Introduction
Les progrès spectaculaires en termes de compréhension et de génération du langage ont créé un engouement massif pour l’intelligence artificielle. Toutes les entreprises cherchent comment intégrer certaines de ces technologies dans leurs produits, leurs processus, leurs services. Les gouvernements rivalisent d’annonces. Les investissements sont considérables, au moins autant que le nombre de publications sur Linkedin.
Ces récents développements sont en partie dus à une technologie initialement développée et rendue publique par une équipe de Google, les Transformers. OpenAI a été la première entreprise à comprendre et à exploiter le potentiel de cette architecture de réseau de neurones et l’a appliquée à la génération de texte à travers ses modèles successifs GPT.
Effet fusion nucléaire
Ce que j’appelle ici l’effet de fusion nucléaire est le fossé qui sépare les attentes et les annonces quant à la fusion nucléaire et la réalité de la fusion nucléaire.
La fusion nucléaire offre une manière propre (relativement) de produire une énergie en quantité considérable. Le concept existe depuis des dizaines d’années, et depuis peu, plusieurs réacteurs expérimentaux ont permis d’atteindre et de maintenir les conditions nécessaires à la réaction de fusion nucléaire.
Malgré cela, nous sommes encore loin d’une utilisation industrielle de la fusion nucléaire.
Parallèle avec l’Intelligence Artificielle
De la même manière, il existe une différence notable entre les preuves de concept de l’intelligence artificielle et les applications en pratique dans les entreprises.

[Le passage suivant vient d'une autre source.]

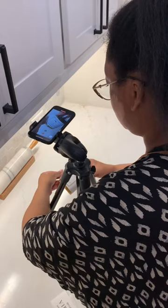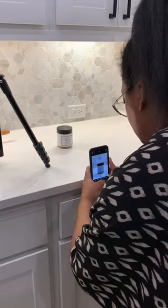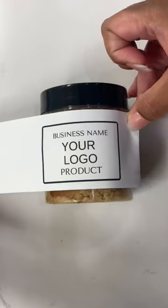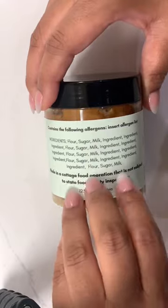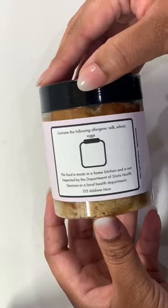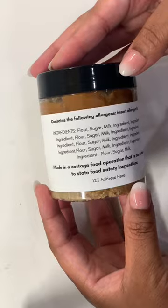These product photos are for my everyday labels. Y'all asked for labels you can use for any time of the year and here they are. Simply add your own information, change the background color, print and cut. It's that simple. I'm still amazed that one simple fix for my own business has turned into a helpful resource for thousands of bakers.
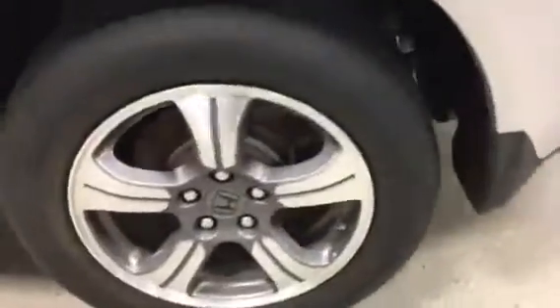All the tires look to be in good condition, all the rims are in good condition. This is a special edition four-wheel drive.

Prenons un exemple pour illustrer. Imaginons que vous soyez une entreprise qui développe une place de marché en ligne. Des produits sont en vente et, régulièrement, vous envoyez un email à vos utilisateurs pour promouvoir certains produits. Pour vanter les mérites des produits promus, il vous faut rédiger un court texte pour chaque produit. Bien entendu, votre entreprise dispose d’une charte stylistique qu’elle doit respecter, elle utilise des tournures de phrase, de l’humour ou non, interdit certains mots, etc. Mais vous suivez les nouvelles technologies de près, et vous sentez que ChatGPT va pouvoir vous aider. Vous lui donnez une chance, décrivez le produit à propos duquel vous souhaitez rédiger un paragraphe, d’environ 5 phrases. La première génération est fade, insipide, inutilisable. Vous décrivez alors dans quel style vous souhaitez que ChatGPT rédige le texte. Le deuxième cru est meilleur, mais loin du compte là encore. Malin, vous décidez de lui donner un exemple de texte que vous avez rédigé, et vous lui demandez de s’en inspirer. Et là le texte est très correct. Le style est globalement respecté.

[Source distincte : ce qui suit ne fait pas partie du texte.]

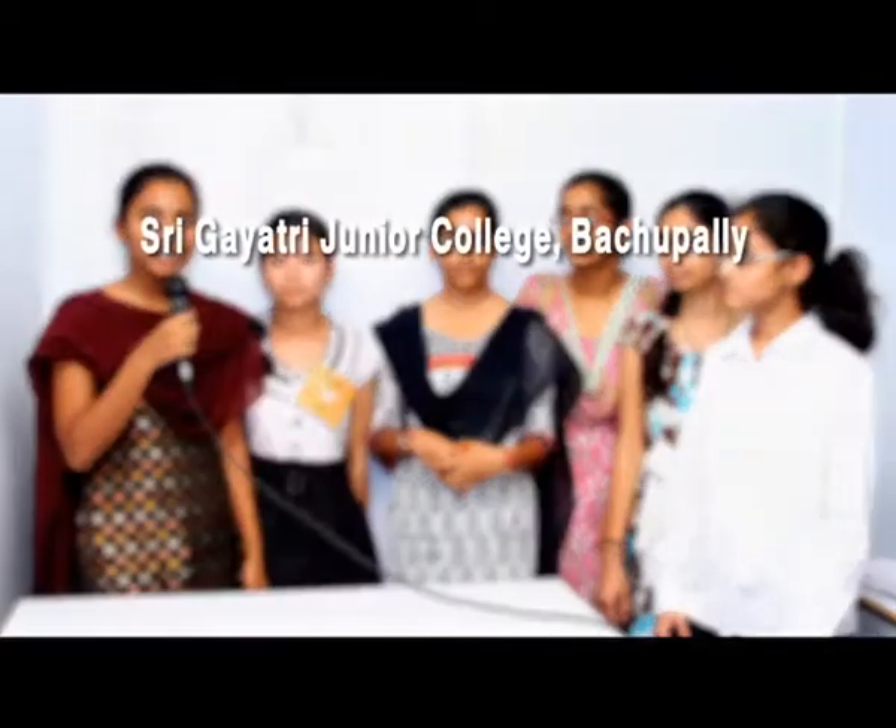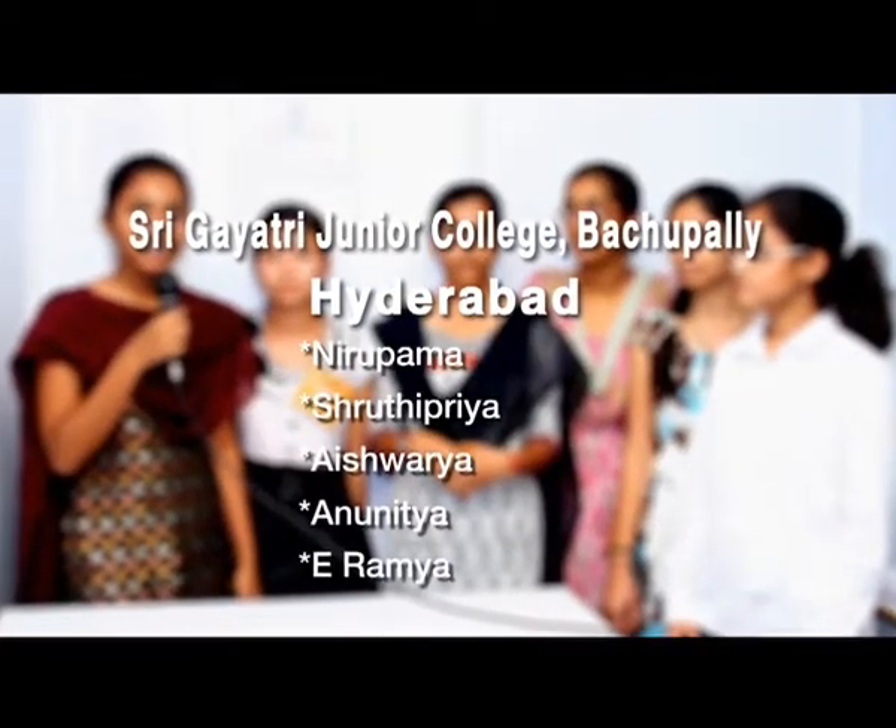Meet the Tenovators from Shri Gayathri Junior College, Bachupalli, Hyderabad.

Néanmoins, le produit que vous promouvez n’est pas exactement celui que vous lui avez donné en exemple, et il vous faut effectuer quelques changements. Un mot par-ci, un mot par là. Environ 5 mots, un par phrase donc. Le problème est que les mots qu’il vous faut adapter sont en fait les mots qui représentent votre style. De plus, changer un mot dans une phrase qui n’en comporte qu’une dizaine n’est pas tellement plus rapide que de rédiger directement la phrase.

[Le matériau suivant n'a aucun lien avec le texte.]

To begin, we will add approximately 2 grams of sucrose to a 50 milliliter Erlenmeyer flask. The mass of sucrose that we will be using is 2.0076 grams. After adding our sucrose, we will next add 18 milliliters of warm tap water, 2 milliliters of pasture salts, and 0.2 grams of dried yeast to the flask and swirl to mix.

Je ne parle même pas du fait que ce travail est à peine automatisable, puisque si chaque texte demande vérification, correction puis revue, autant les écrire directement.
Morale
C’est de ça qu’il s’agit. ChatGPT, aussi puissant soit-il pour générer des morceaux de code (et il est vraiment bon pour cela), est en réalité plus proche des 3 secondes record de fusion nucléaire que de la production industrielle. L’intégration dans les systèmes des entreprises demande un effort significatif de la part des entreprises, et les résultats peuvent être décevants.
Je pense qu’il serait meilleur de considérer les nouveaux algorithmes et leurs mises à disposition par les entreprises qui les développent comme des preuves conceptuelles que certains problèmes peuvent être résolus, plutôt que comme des solutions définitives.